(Dataset entries)
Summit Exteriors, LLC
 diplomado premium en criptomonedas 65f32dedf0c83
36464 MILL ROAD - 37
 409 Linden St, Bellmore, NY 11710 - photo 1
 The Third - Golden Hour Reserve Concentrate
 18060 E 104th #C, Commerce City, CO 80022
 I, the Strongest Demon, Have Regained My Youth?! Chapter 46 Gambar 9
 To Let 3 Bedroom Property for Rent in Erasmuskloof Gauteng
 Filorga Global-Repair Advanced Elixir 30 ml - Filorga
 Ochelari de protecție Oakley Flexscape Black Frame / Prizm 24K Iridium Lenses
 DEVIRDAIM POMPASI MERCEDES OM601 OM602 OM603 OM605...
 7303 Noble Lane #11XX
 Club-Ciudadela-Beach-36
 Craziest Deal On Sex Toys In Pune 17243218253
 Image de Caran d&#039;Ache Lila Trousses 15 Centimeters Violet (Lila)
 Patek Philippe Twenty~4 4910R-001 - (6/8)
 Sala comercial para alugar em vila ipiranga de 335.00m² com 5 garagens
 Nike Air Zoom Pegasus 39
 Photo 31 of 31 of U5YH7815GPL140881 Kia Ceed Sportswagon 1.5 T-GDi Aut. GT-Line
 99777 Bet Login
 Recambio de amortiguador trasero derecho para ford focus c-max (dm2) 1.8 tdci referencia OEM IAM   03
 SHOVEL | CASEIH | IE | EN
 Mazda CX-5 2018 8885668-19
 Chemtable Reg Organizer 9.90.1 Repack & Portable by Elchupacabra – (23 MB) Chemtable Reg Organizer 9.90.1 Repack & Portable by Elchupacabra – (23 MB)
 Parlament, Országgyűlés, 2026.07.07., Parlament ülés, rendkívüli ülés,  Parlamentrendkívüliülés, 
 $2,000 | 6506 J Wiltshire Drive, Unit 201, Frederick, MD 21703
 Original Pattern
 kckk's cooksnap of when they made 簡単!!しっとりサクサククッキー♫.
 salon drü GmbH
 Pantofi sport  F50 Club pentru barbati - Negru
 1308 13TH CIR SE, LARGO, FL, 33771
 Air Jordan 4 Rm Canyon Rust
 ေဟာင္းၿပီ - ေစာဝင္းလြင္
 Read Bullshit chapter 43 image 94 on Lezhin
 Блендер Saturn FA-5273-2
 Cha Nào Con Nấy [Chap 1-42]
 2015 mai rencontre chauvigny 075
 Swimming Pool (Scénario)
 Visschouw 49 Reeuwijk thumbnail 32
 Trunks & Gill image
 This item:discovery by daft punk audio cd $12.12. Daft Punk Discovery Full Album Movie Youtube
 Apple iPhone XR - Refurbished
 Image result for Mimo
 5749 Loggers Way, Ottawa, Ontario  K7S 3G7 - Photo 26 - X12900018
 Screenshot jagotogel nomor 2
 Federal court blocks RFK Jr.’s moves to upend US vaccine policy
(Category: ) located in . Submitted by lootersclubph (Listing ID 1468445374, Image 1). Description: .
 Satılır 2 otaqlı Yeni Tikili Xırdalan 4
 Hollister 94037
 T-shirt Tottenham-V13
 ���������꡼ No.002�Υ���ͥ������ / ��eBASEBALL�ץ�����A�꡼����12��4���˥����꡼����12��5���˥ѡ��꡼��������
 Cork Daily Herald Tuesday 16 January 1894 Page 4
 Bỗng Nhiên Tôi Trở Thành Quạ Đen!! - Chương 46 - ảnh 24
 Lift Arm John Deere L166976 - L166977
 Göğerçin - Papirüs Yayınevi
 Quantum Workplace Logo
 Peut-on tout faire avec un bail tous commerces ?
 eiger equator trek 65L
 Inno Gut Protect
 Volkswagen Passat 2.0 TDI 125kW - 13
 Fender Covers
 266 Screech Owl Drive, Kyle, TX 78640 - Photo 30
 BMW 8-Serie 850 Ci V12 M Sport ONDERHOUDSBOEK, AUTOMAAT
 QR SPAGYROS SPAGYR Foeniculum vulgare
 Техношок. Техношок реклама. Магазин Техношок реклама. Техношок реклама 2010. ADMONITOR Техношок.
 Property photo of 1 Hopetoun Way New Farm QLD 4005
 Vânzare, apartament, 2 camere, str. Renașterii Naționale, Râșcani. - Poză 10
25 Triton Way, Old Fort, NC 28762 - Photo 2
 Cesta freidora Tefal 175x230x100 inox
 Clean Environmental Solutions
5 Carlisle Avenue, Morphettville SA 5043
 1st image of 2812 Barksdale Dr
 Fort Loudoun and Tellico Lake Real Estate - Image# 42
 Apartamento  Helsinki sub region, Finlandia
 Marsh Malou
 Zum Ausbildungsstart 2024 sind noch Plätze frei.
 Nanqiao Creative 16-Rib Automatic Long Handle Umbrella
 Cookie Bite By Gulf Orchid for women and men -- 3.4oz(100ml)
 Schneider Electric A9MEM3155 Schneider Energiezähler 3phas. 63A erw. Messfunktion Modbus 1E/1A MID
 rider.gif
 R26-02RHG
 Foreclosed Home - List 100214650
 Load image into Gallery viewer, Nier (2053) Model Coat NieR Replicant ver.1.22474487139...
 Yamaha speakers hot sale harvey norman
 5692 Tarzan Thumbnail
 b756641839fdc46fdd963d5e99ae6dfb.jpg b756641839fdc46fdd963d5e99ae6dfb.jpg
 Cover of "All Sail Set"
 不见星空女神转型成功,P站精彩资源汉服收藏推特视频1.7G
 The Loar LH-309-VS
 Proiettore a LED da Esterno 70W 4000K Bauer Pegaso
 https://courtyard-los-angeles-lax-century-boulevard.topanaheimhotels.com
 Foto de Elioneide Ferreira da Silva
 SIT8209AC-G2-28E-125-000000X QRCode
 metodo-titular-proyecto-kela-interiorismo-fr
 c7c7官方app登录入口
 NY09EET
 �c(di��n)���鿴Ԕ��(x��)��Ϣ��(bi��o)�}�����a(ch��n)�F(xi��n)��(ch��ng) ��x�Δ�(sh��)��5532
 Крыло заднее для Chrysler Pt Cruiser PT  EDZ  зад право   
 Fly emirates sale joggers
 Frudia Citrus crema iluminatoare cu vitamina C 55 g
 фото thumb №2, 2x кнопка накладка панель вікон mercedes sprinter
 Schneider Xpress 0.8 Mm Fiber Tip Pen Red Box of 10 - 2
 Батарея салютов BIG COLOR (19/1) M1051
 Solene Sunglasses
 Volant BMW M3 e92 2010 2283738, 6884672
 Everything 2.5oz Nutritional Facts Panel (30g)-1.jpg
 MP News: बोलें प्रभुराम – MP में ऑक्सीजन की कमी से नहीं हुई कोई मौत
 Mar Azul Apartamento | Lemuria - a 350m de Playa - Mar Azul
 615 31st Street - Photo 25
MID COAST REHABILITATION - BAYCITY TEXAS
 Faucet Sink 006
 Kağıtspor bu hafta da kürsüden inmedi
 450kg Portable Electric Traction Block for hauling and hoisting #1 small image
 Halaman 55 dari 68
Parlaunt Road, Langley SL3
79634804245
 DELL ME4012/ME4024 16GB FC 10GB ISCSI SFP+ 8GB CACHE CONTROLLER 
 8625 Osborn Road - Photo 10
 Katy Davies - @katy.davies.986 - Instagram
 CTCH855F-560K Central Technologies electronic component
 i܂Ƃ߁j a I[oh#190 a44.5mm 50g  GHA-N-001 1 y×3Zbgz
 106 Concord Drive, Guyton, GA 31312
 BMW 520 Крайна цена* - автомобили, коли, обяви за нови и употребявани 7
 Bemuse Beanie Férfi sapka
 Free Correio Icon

**Task directions:** Transcribe each entry precisely, missing none.

**Response to this task:**
Summit Exteriors, LLC
 diplomado premium en criptomonedas 65f32dedf0c83
36464 MILL ROAD - 37
 409 Linden St, Bellmore, NY 11710 - photo 1
 The Third - Golden Hour Reserve Concentrate
 18060 E 104th #C, Commerce City, CO 80022
 I, the Strongest Demon, Have Regained My Youth?! Chapter 46 Gambar 9
 To Let 3 Bedroom Property for Rent in Erasmuskloof Gauteng
 Filorga Global-Repair Advanced Elixir 30 ml - Filorga
 Ochelari de protecție Oakley Flexscape Black Frame / Prizm 24K Iridium Lenses
 DEVIRDAIM POMPASI MERCEDES OM601 OM602 OM603 OM605...
 7303 Noble Lane #11XX
 Club-Ciudadela-Beach-36
 Craziest Deal On Sex Toys In Pune 17243218253
 Image de Caran d&#039;Ache Lila Trousses 15 Centimeters Violet (Lila)
 Patek Philippe Twenty~4 4910R-001 - (6/8)
 Sala comercial para alugar em vila ipiranga de 335.00m² com 5 garagens
 Nike Air Zoom Pegasus 39
 Photo 31 of 31 of U5YH7815GPL140881 Kia Ceed Sportswagon 1.5 T-GDi Aut. GT-Line
 99777 Bet Login
 Recambio de amortiguador trasero derecho para ford focus c-max (dm2) 1.8 tdci referencia OEM IAM   03
 SHOVEL | CASEIH | IE | EN
 Mazda CX-5 2018 8885668-19
 Chemtable Reg Organizer 9.90.1 Repack & Portable by Elchupacabra – (23 MB) Chemtable Reg Organizer 9.90.1 Repack & Portable by Elchupacabra – (23 MB)
 Parlament, Országgyűlés, 2026.07.07., Parlament ülés, rendkívüli ülés,  Parlamentrendkívüliülés, 
 $2,000 | 6506 J Wiltshire Drive, Unit 201, Frederick, MD 21703
 Original Pattern
 kckk's cooksnap of when they made 簡単!!しっとりサクサククッキー♫.
 salon drü GmbH
 Pantofi sport  F50 Club pentru barbati - Negru
 1308 13TH CIR SE, LARGO, FL, 33771
 Air Jordan 4 Rm Canyon Rust
 ေဟာင္းၿပီ - ေစာဝင္းလြင္
 Read Bullshit chapter 43 image 94 on Lezhin
 Блендер Saturn FA-5273-2
 Cha Nào Con Nấy [Chap 1-42]
 2015 mai rencontre chauvigny 075
 Swimming Pool (Scénario)
 Visschouw 49 Reeuwijk thumbnail 32
 Trunks & Gill image
 This item:discovery by daft punk audio cd $12.12. Daft Punk Discovery Full Album Movie Youtube
 Apple iPhone XR - Refurbished
 Image result for Mimo
 5749 Loggers Way, Ottawa, Ontario  K7S 3G7 - Photo 26 - X12900018
 Screenshot jagotogel nomor 2
 Federal court blocks RFK Jr.’s moves to upend US vaccine policy
(Category: ) located in . Submitted by lootersclubph (Listing ID 1468445374, Image 1). Description: .
 Satılır 2 otaqlı Yeni Tikili Xırdalan 4
 Hollister 94037
 T-shirt Tottenham-V13
 ���������꡼ No.002�Υ���ͥ������ / ��eBASEBALL�ץ�����A�꡼����12��4���˥����꡼����12��5���˥ѡ��꡼��������
 Cork Daily Herald Tuesday 16 January 1894 Page 4
 Bỗng Nhiên Tôi Trở Thành Quạ Đen!! - Chương 46 - ảnh 24
 Lift Arm John Deere L166976 - L166977
 Göğerçin - Papirüs Yayınevi
 Quantum Workplace Logo
 Peut-on tout faire avec un bail tous commerces ?
 eiger equator trek 65L
 Inno Gut Protect
 Volkswagen Passat 2.0 TDI 125kW - 13
 Fender Covers
 266 Screech Owl Drive, Kyle, TX 78640 - Photo 30
 BMW 8-Serie 850 Ci V12 M Sport ONDERHOUDSBOEK, AUTOMAAT
 QR SPAGYROS SPAGYR Foeniculum vulgare
 Техношок. Техношок реклама. Магазин Техношок реклама. Техношок реклама 2010. ADMONITOR Техношок.
 Property photo of 1 Hopetoun Way New Farm QLD 4005
 Vânzare, apartament, 2 camere, str. Renașterii Naționale, Râșcani. - Poză 10
25 Triton Way, Old Fort, NC 28762 - Photo 2
 Cesta freidora Tefal 175x230x100 inox
 Clean Environmental Solutions
5 Carlisle Avenue, Morphettville SA 5043
 1st image of 2812 Barksdale Dr
 Fort Loudoun and Tellico Lake Real Estate - Image# 42
 Apartamento  Helsinki sub region, Finlandia
 Marsh Malou
 Zum Ausbildungsstart 2024 sind noch Plätze frei.
 Nanqiao Creative 16-Rib Automatic Long Handle Umbrella
 Cookie Bite By Gulf Orchid for women and men -- 3.4oz(100ml)
 Schneider Electric A9MEM3155 Schneider Energiezähler 3phas. 63A erw. Messfunktion Modbus 1E/1A MID
 rider.gif
 R26-02RHG
 Foreclosed Home - List 100214650
 Load image into Gallery viewer, Nier (2053) Model Coat NieR Replicant ver.1.22474487139...
 Yamaha speakers hot sale harvey norman
 5692 Tarzan Thumbnail
 b756641839fdc46fdd963d5e99ae6dfb.jpg b756641839fdc46fdd963d5e99ae6dfb.jpg
 Cover of "All Sail Set"
 不见星空女神转型成功,P站精彩资源汉服收藏推特视频1.7G
 The Loar LH-309-VS
 Proiettore a LED da Esterno 70W 4000K Bauer Pegaso
 https://courtyard-los-angeles-lax-century-boulevard.topanaheimhotels.com
 Foto de Elioneide Ferreira da Silva
 SIT8209AC-G2-28E-125-000000X QRCode
 metodo-titular-proyecto-kela-interiorismo-fr
 c7c7官方app登录入口
 NY09EET
 �c(di��n)���鿴Ԕ��(x��)��Ϣ��(bi��o)�}�����a(ch��n)�F(xi��n)��(ch��ng) ��x�Δ�(sh��)��5532
 Крыло заднее для Chrysler Pt Cruiser PT  EDZ  зад право   
 Fly emirates sale joggers
 Frudia Citrus crema iluminatoare cu vitamina C 55 g
 фото thumb №2, 2x кнопка накладка панель вікон mercedes sprinter
 Schneider Xpress 0.8 Mm Fiber Tip Pen Red Box of 10 - 2
 Батарея салютов BIG COLOR (19/1) M1051
 Solene Sunglasses
 Volant BMW M3 e92 2010 2283738, 6884672
 Everything 2.5oz Nutritional Facts Panel (30g)-1.jpg
 MP News: बोलें प्रभुराम – MP में ऑक्सीजन की कमी से नहीं हुई कोई मौत
 Mar Azul Apartamento | Lemuria - a 350m de Playa - Mar Azul
 615 31st Street - Photo 25
MID COAST REHABILITATION - BAYCITY TEXAS
 Faucet Sink 006
 Kağıtspor bu hafta da kürsüden inmedi
 450kg Portable Electric Traction Block for hauling and hoisting #1 small image
 Halaman 55 dari 68
Parlaunt Road, Langley SL3
79634804245
 DELL ME4012/ME4024 16GB FC 10GB ISCSI SFP+ 8GB CACHE CONTROLLER 
 8625 Osborn Road - Photo 10
 Katy Davies - @katy.davies.986 - Instagram
 CTCH855F-560K Central Technologies electronic component
 i܂Ƃ߁j a I[oh#190 a44.5mm 50g  GHA-N-001 1 y×3Zbgz
 106 Concord Drive, Guyton, GA 31312
 BMW 520 Крайна цена* - автомобили, коли, обяви за нови и употребявани 7
 Bemuse Beanie Férfi sapka
 Free Correio Icon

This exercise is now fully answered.